• **How to complete this task**:
The material below holds a span beginning at the line with "Блок питания для" and ending at the line with "سرکلیدی ست عروسک". Quote that span exactly, both ends included, and only that span.

• **Exercise data**:

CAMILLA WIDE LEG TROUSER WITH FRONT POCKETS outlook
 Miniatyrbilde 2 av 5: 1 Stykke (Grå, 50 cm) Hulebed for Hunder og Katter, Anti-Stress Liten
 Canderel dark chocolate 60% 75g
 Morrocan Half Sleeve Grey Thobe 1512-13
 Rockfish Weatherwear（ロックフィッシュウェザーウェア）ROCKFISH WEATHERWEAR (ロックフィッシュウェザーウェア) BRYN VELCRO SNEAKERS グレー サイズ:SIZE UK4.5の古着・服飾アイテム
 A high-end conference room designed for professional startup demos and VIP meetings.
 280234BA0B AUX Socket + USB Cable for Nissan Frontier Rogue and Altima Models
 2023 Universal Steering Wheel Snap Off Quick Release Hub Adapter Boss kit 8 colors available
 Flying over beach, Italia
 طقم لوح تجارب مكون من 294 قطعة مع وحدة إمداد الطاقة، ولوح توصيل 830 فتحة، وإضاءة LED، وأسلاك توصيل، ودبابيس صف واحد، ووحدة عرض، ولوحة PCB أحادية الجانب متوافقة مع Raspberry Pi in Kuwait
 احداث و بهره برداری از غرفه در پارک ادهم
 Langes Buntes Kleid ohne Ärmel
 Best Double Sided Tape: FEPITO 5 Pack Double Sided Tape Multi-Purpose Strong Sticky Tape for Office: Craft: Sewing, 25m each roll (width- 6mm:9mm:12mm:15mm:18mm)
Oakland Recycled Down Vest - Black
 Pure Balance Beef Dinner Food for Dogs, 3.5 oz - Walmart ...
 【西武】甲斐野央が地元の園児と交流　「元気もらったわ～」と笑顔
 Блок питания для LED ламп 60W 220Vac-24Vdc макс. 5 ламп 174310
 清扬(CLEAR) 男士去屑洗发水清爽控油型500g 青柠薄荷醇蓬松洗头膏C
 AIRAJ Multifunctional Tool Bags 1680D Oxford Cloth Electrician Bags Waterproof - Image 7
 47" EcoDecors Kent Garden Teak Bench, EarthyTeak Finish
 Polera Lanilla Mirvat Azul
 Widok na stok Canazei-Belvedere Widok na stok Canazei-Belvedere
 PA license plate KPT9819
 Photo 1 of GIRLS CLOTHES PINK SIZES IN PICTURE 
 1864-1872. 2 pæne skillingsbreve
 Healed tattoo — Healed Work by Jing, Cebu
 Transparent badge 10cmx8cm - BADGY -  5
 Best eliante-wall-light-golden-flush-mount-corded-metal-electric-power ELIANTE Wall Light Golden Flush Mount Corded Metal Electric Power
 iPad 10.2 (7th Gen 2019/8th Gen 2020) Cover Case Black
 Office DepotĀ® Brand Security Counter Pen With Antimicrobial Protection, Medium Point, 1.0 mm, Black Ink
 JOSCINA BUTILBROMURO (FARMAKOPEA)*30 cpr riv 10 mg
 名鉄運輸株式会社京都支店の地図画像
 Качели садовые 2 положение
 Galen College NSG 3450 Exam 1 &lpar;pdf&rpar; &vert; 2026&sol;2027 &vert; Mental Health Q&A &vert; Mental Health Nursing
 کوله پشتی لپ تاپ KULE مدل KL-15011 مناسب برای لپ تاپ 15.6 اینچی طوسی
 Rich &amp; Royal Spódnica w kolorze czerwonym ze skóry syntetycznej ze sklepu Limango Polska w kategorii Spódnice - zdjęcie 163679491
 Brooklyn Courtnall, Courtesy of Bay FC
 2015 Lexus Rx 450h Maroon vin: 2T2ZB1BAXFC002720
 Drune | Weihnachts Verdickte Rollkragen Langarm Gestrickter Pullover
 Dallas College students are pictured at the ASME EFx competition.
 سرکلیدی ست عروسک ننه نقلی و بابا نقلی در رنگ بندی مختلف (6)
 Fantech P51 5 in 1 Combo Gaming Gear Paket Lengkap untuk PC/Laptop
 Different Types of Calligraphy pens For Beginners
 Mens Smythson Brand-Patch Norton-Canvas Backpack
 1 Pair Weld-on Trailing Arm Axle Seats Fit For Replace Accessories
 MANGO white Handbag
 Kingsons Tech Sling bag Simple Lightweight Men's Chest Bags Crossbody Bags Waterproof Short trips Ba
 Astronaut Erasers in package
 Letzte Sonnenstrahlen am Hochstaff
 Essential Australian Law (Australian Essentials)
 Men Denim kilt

• **Task response**:
 Блок питания для LED ламп 60W 220Vac-24Vdc макс. 5 ламп 174310
 清扬(CLEAR) 男士去屑洗发水清爽控油型500g 青柠薄荷醇蓬松洗头膏C
 AIRAJ Multifunctional Tool Bags 1680D Oxford Cloth Electrician Bags Waterproof - Image 7
 47" EcoDecors Kent Garden Teak Bench, EarthyTeak Finish
 Polera Lanilla Mirvat Azul
 Widok na stok Canazei-Belvedere Widok na stok Canazei-Belvedere
 PA license plate KPT9819
 Photo 1 of GIRLS CLOTHES PINK SIZES IN PICTURE 
 1864-1872. 2 pæne skillingsbreve
 Healed tattoo — Healed Work by Jing, Cebu
 Transparent badge 10cmx8cm - BADGY -  5
 Best eliante-wall-light-golden-flush-mount-corded-metal-electric-power ELIANTE Wall Light Golden Flush Mount Corded Metal Electric Power
 iPad 10.2 (7th Gen 2019/8th Gen 2020) Cover Case Black
 Office DepotĀ® Brand Security Counter Pen With Antimicrobial Protection, Medium Point, 1.0 mm, Black Ink
 JOSCINA BUTILBROMURO (FARMAKOPEA)*30 cpr riv 10 mg
 名鉄運輸株式会社京都支店の地図画像
 Качели садовые 2 положение
 Galen College NSG 3450 Exam 1 &lpar;pdf&rpar; &vert; 2026&sol;2027 &vert; Mental Health Q&A &vert; Mental Health Nursing
 کوله پشتی لپ تاپ KULE مدل KL-15011 مناسب برای لپ تاپ 15.6 اینچی طوسی
 Rich &amp; Royal Spódnica w kolorze czerwonym ze skóry syntetycznej ze sklepu Limango Polska w kategorii Spódnice - zdjęcie 163679491
 Brooklyn Courtnall, Courtesy of Bay FC
 2015 Lexus Rx 450h Maroon vin: 2T2ZB1BAXFC002720
 Drune | Weihnachts Verdickte Rollkragen Langarm Gestrickter Pullover
 Dallas College students are pictured at the ASME EFx competition.
 سرکلیدی ست عروسک ننه نقلی و بابا نقلی در رنگ بندی مختلف (6)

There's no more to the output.